La formation des professionnels est justement un des volets du « plan aidants ». Elle sera proposée sous forme d’un MOOC (massive open online course ou, en français, formation en ligne ouverte à tous) par l’association Avec nos proches, qui prévoit aussi de mettre à disposition, via les officines, des fiches pratiques sur les solutions locales existantes. Pour Alice Steenhouwer, les pharmacies peuvent être des lieux d’accueil et de rencontre entre aidants, dans la limite de leurs compétences. Organiser des ateliers à l’officine au bénéfice d’aidants, pourquoi pas. « Mais il faut s’assurer de la finalité. Les aidants sont trop souvent considérés comme des variables d’ajustement des déficiences des politiques publiques. Attention à ne pas les former à des gestes qui relèvent d’une intervention professionnelle », pointe Florence Leduc. Selon la présidente de l’Association française des aidants, le repérage et l’orientation des aidants devraient « faire partie de manière officielle de la mission des pharmaciens ». Et les actions de soutien pourraient s’intégrer dans des dispositifs interprofessionnels, comme les communautés professionnelles territoriales de santé (CPTS).
*Questionnaire approfondi auquel ont répondu 631 professionnels de santé : infirmiers à domicile, masseurs-kinésithérapeutes, médecins généralistes et pharmaciens.

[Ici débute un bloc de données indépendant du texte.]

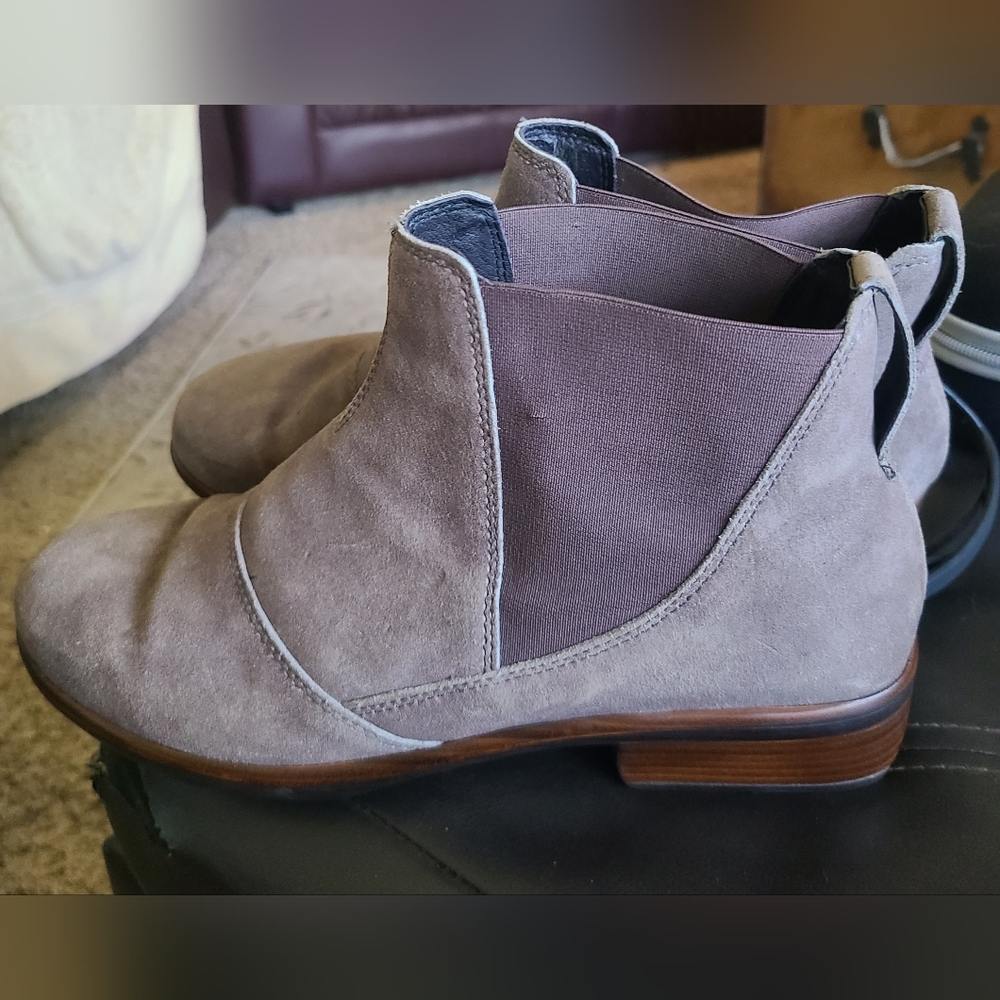 NWOT Naot Ruzgar Chelsea Boot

La faculté de pharmacie de Lyon (Rhône) a mis en place en 2018 un enseignement pour sensibiliser les étudiants des filières officine et internat au sujet des aidants. D’une durée de 2 heures, il s’appuie sur un jeu de reconnaissance de l’aidant à partir de vignettes cliniques. « Un travail en groupe s’effectue à partir de 2 situations, l’une en officine et l’autre à l’hôpital. Les étudiants doivent identifier les éléments qui peuvent les interpeller et mettre en place des actions de prise en charge », détaille Christine Vinciguerra, directrice de la faculté.
• Lancé le 23 octobre, un plan gouvernemental de soutien aux proches aidants implique les professionnels de santé.
• A l’officine, il s’agit de repérer et de savoir orienter des aidants qui sont souvent dans le déni de leur situation.
• L’action auprès des aidants pourrait s’insérer de manière officielle dans les missions officinales, préconise l’Association française des aidants.